#### ACTIVITY
Copy, exactly as written, the lines that begin at the one containing "Wobsion Travel Mirror" and end at the one containing "STAMPED CURVE TURQUOISE". Skip any pictures in the data below.
*** Opening RECORDS TO PROCESS ***
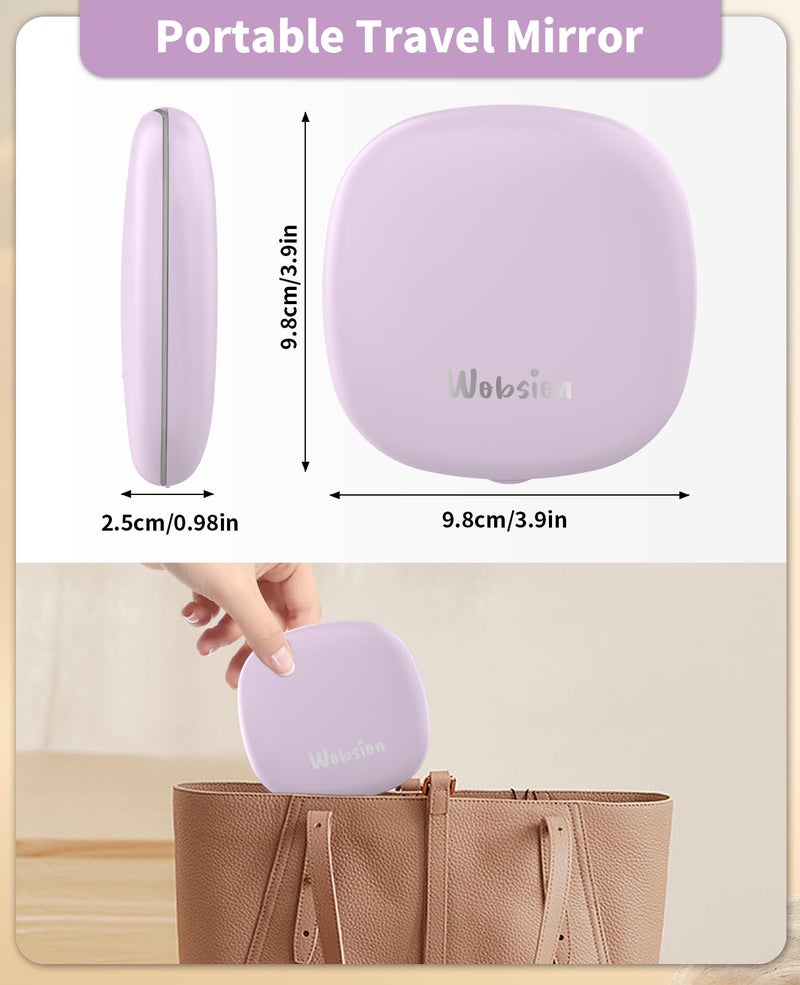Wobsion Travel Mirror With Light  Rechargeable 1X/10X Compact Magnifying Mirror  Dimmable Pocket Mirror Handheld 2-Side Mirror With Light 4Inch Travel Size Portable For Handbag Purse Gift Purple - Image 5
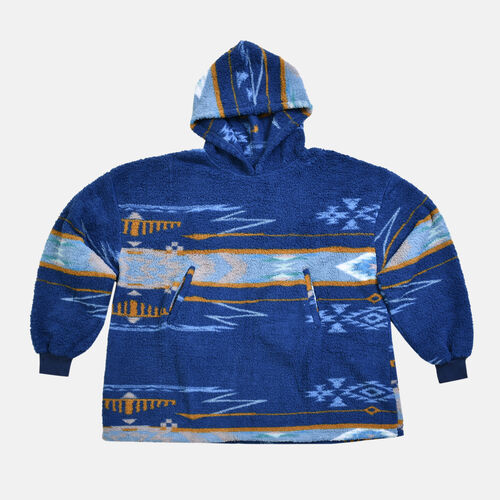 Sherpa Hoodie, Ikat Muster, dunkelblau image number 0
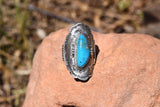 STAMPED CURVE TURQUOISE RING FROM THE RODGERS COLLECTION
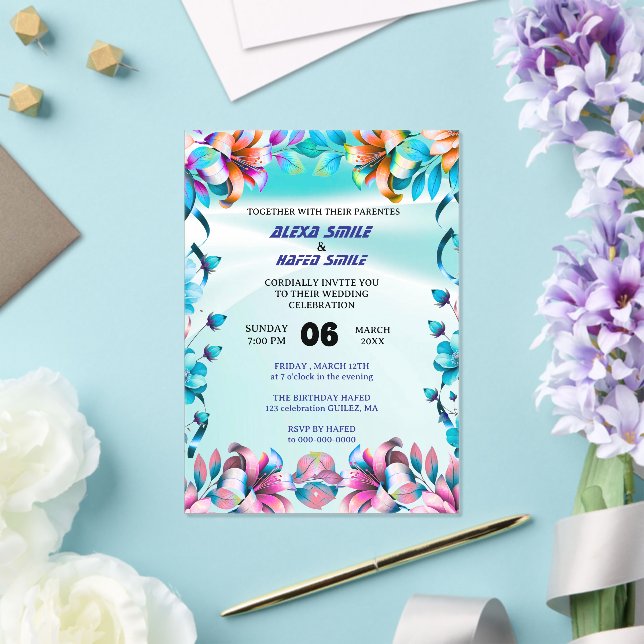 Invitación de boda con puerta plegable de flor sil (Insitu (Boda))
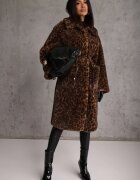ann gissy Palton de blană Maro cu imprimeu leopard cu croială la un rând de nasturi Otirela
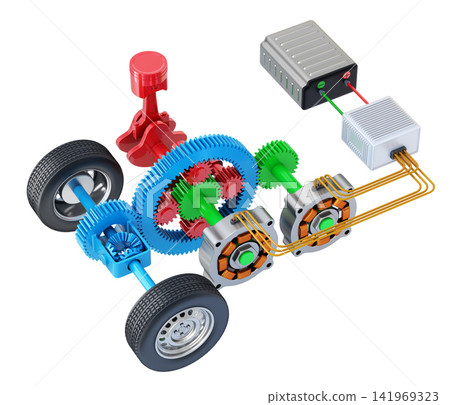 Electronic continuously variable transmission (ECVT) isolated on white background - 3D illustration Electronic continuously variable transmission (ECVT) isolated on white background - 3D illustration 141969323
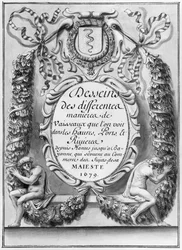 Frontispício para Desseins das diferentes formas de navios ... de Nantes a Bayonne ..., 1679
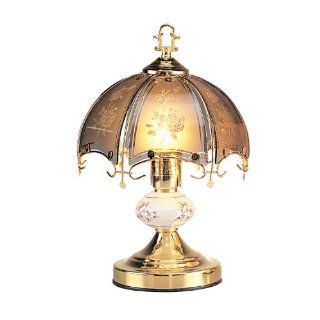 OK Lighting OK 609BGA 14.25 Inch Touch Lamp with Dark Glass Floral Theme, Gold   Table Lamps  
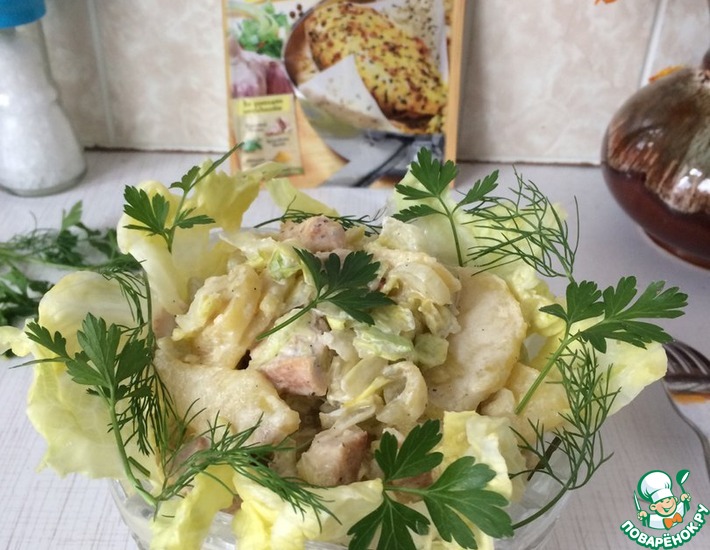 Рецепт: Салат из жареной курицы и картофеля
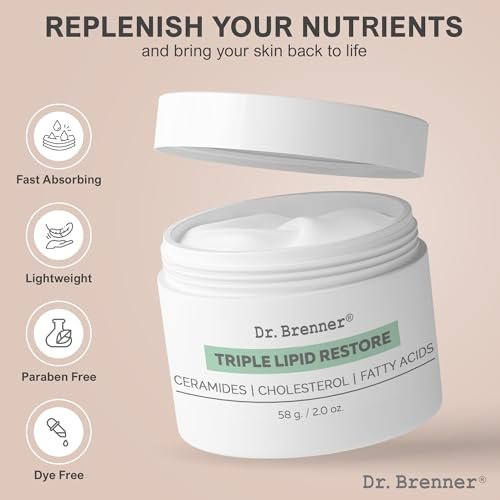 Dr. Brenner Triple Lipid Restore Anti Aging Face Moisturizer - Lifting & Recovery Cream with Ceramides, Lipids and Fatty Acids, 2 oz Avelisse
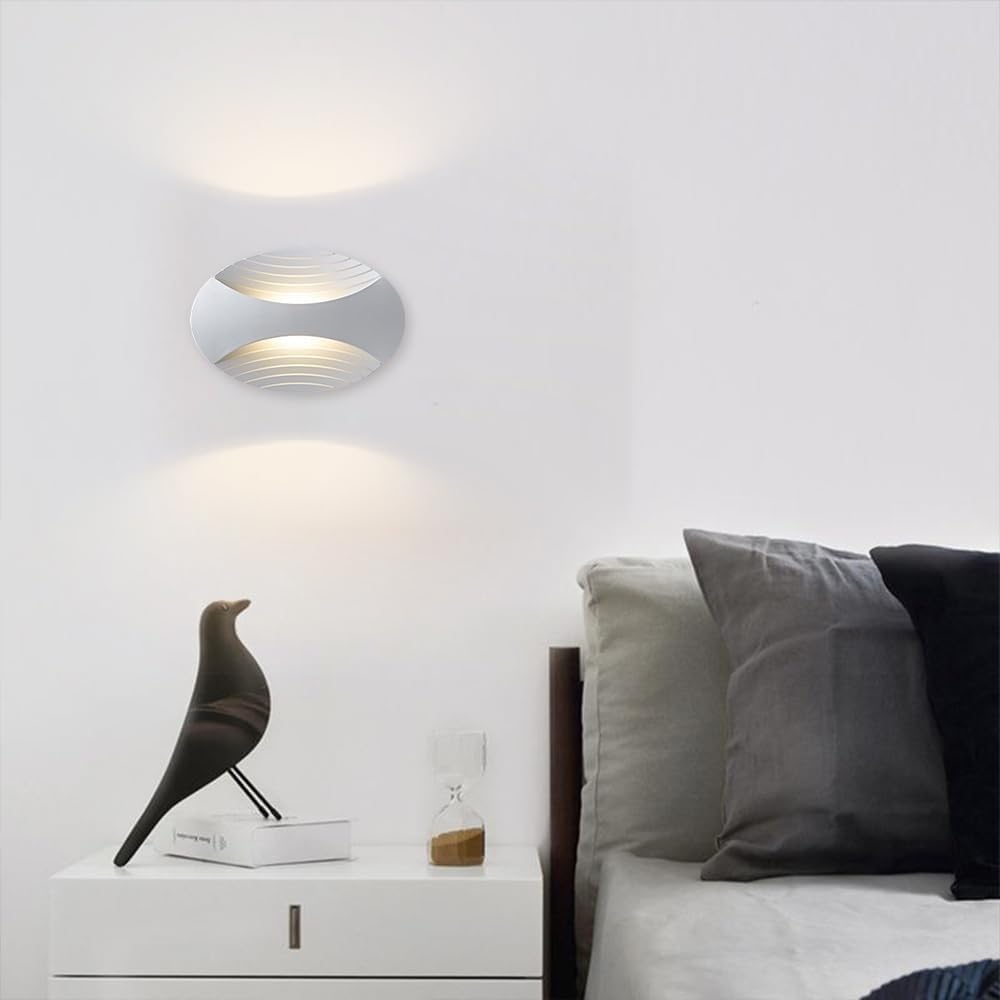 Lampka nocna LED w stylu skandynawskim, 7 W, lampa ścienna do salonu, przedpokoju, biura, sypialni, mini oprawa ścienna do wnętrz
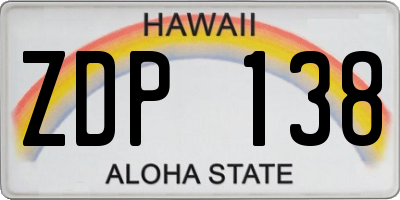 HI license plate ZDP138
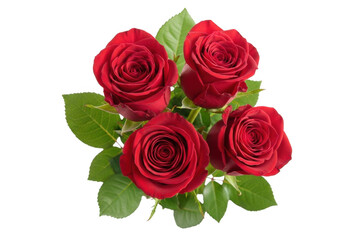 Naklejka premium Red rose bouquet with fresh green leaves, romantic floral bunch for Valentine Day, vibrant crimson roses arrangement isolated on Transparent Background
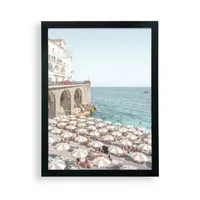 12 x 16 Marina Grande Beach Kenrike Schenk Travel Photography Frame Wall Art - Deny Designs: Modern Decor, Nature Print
*** Closing RECORDS TO PROCESS ***
*** Opening RECORDS TO PROCESS ***
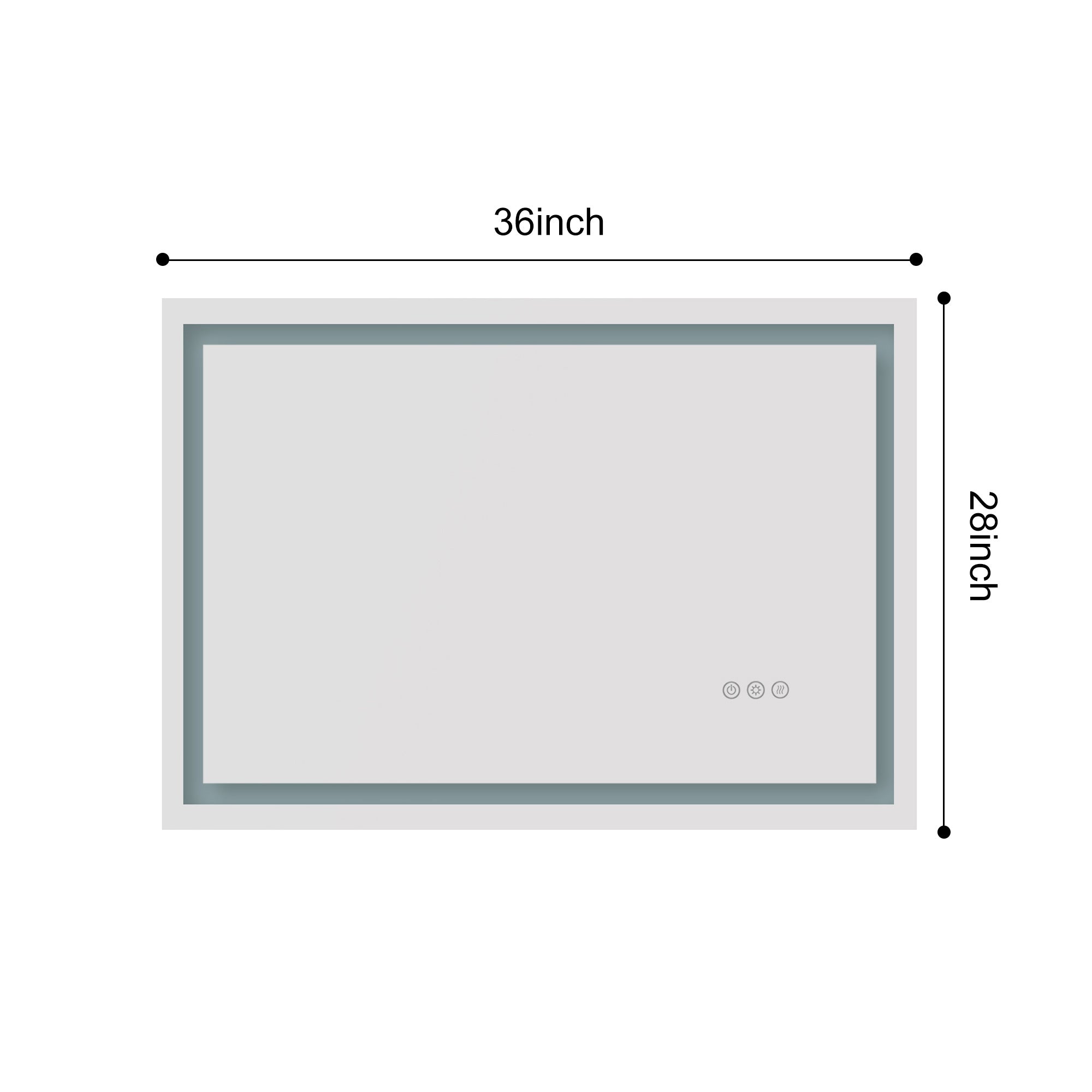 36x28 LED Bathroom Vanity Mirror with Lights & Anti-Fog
*** Closing RECORDS TO PROCESS ***
*** Opening RECORDS TO PROCESS ***
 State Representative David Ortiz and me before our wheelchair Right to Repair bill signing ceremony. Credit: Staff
*** Closing RECORDS TO PROCESS ***
#### FINAL ANSWER
Wobsion Travel Mirror With Light  Rechargeable 1X/10X Compact Magnifying Mirror  Dimmable Pocket Mirror Handheld 2-Side Mirror With Light 4Inch Travel Size Portable For Handbag Purse Gift Purple - Image 5
 Sherpa Hoodie, Ikat Muster, dunkelblau image number 0
 STAMPED CURVE TURQUOISE RING FROM THE RODGERS COLLECTION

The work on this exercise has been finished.